しばし就寝した後、彼女は、きっかり午後の三時にリビングへ戻ってきて、『説明書の資料』通り間食をとった。その後はピアノの楽譜が置かれてある棚の前で丸くなって眠り、夕方には点検するように各部屋を回り、縁側の前でうつ伏せになって外の景色を眺めていた。景色を眺めている間は気分がいいのか、優雅な尻尾で床を左右に擦っていた。

 萬狩はというと、朝は珈琲をやりながら新聞とニュース番組を眺め、窓から入ってくる風の心地良さにソファの上でしばし仮眠を取り、午後にはパソコンを使って少し仕事を行い、大半は読書をして過ごした。勿論、煙草は外で吸う事を心掛けていた。
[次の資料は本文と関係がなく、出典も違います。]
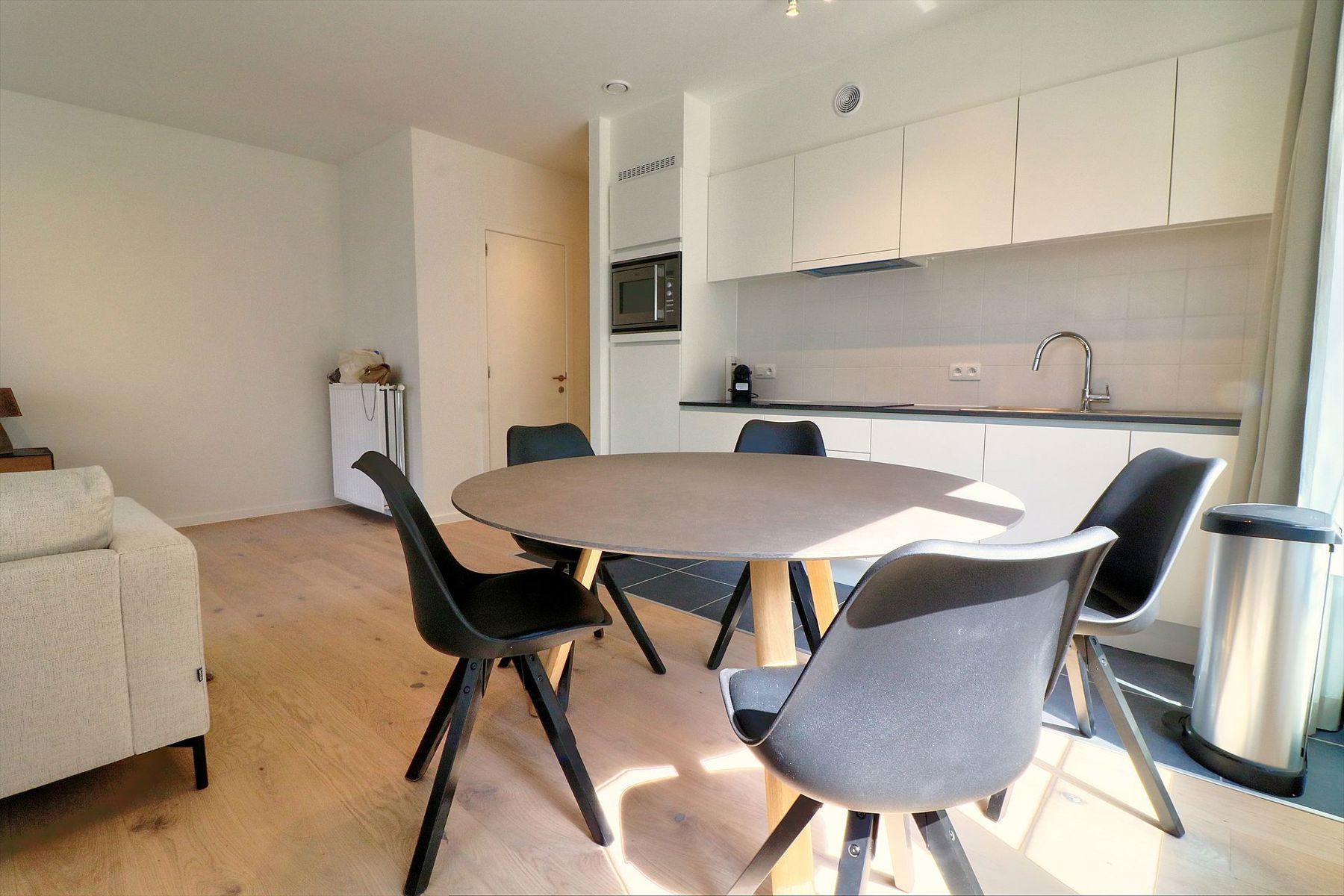 EU - prachtig 2 slk appartement met terras foto 4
 持ってきた書籍は大半が未読のものだったので、暇を潰すにはもってこいだった。まだ老眼に入っていない萬狩は、若い頃に読書を楽しめなかったせいか、実を言うと取締役を退いてからというもの、目新しい小さな楽しみの一つとなっていたのだった。

        ※※※

 入居して二日目、シェリーが書斎室へやってきて、沢山の本がつまった新しい書棚を、しばし不思議そうに眺めた。棚の一番下には大型の書物を詰めていたのだが、シェリーがあまりにも匂いを嗅ぐものだから、萬狩は「それは楽譜ではないぞ」と指摘した。

 けれど指摘してすぐ、彼は、犬に向かって俺は何を言っているんだと馬鹿らしくなった。シェリーは、まるで言葉を理解したかのように彼を振り返って、それから、いつものような足取りでゆっくりと書斎を出ていった。

 新しい土地での暮らしが始まって、一週間が過ぎた月曜日、入居の際に知らされていた獣医の訪問検診が午前中にあり、少し時間を置いて専門の配達業者が、ペットフードとペットの生活用品を届けにやって来た。